The copy should begin at the line containing "P 93583 LED" and end at the last line of the material. Please reproduce those lines exactly and keep pictures out.

#### Data under study
::::::

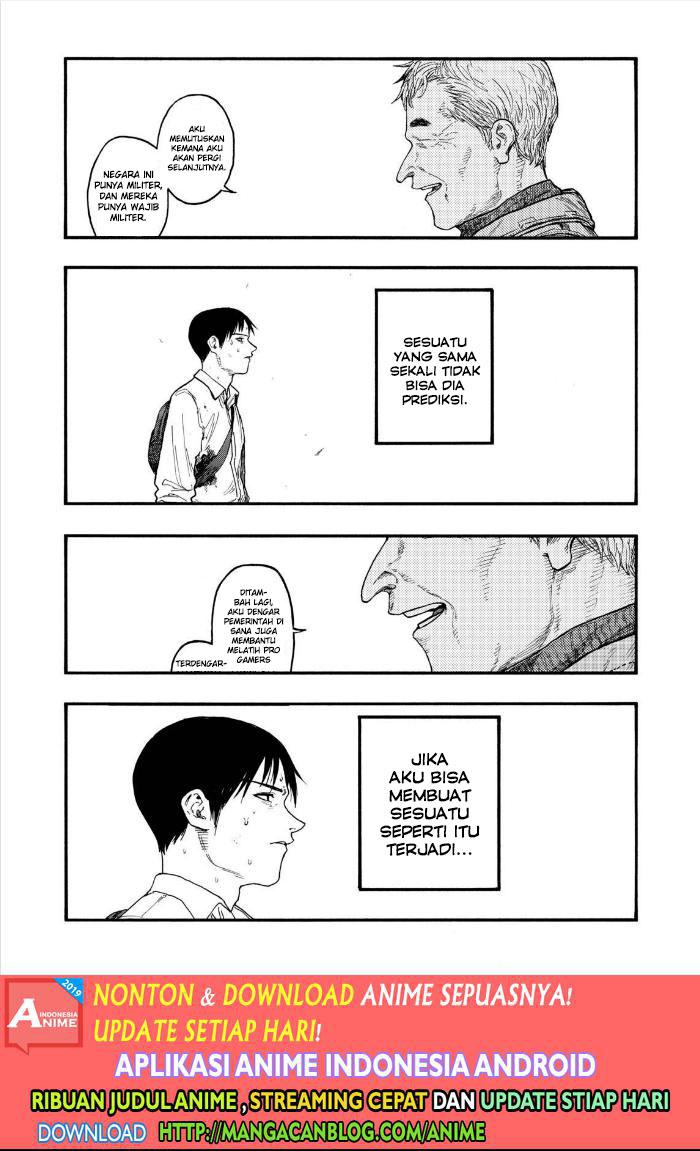 Ajin Chapter 71 Bahasa Indonesia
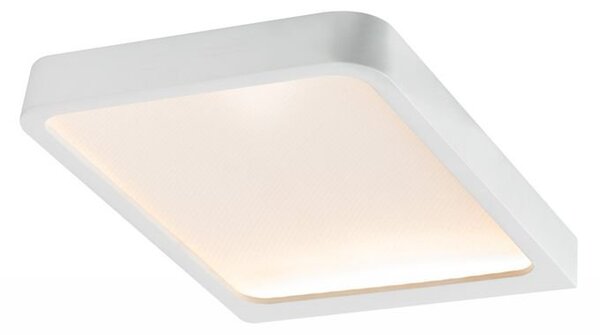 P 93583 LED nábytkové přisazené svítidlo Furniture LED Vane hranaté sada 2ks vč.LED modulu 2x6,7W, 2x440 lm, 2700K 935.83 - PAULMANN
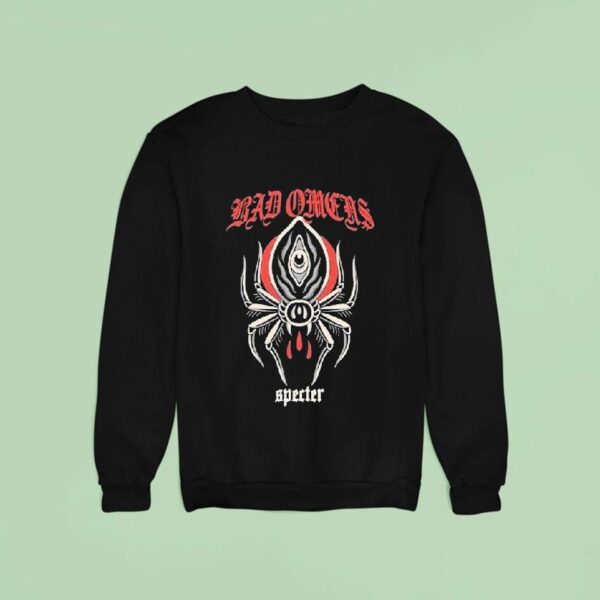 Bad Omens Spider Specter Sweatshirt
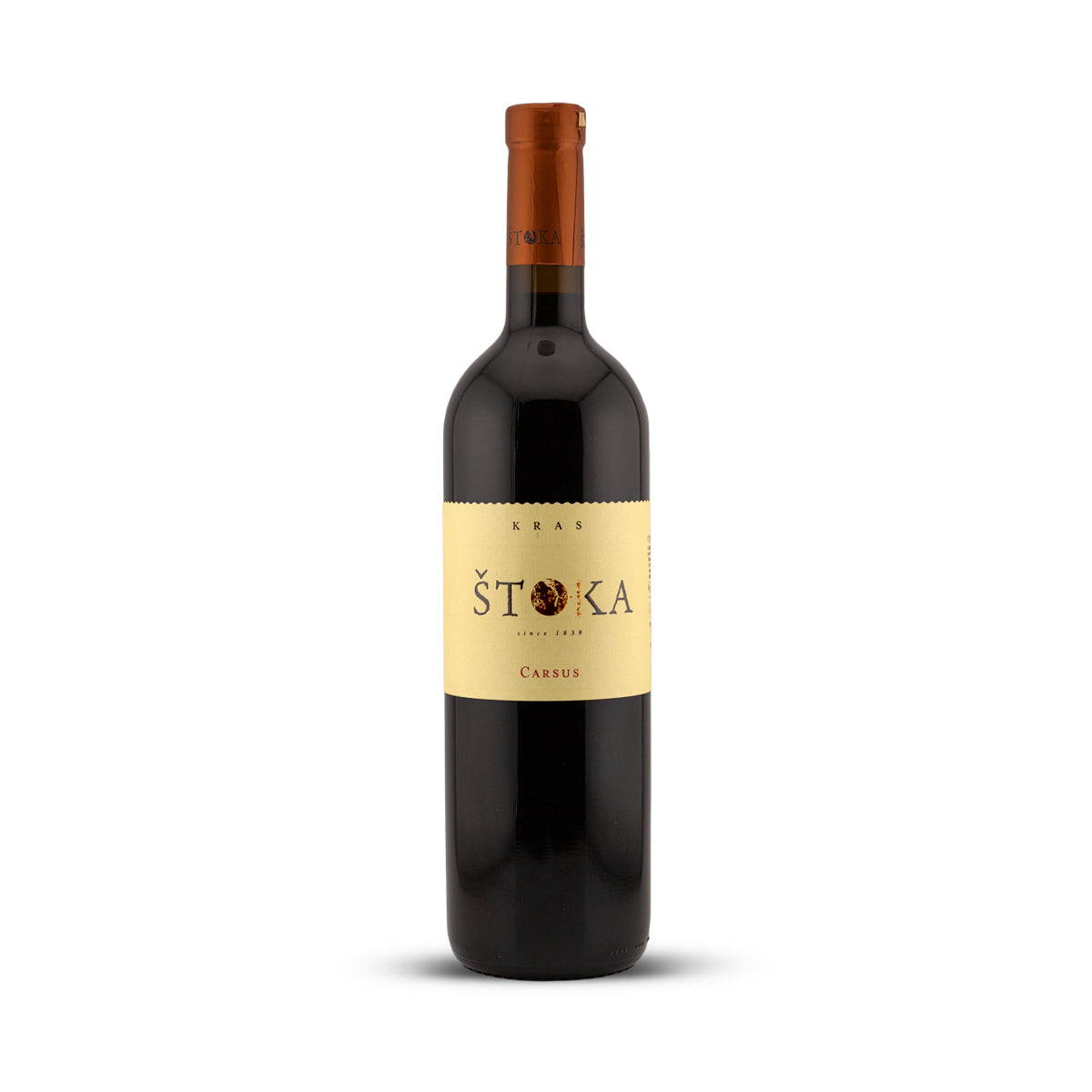 Stoka Red Wine Carsus 0.75L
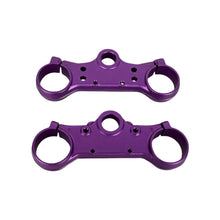 Load image into Gallery viewer, ETM RTR Anodized Bar Triple Clamps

::::::

#### Task output
 P 93583 LED nábytkové přisazené svítidlo Furniture LED Vane hranaté sada 2ks vč.LED modulu 2x6,7W, 2x440 lm, 2700K 935.83 - PAULMANN
 Bad Omens Spider Specter Sweatshirt
 Stoka Red Wine Carsus 0.75L
 Load image into Gallery viewer, ETM RTR Anodized Bar Triple Clamps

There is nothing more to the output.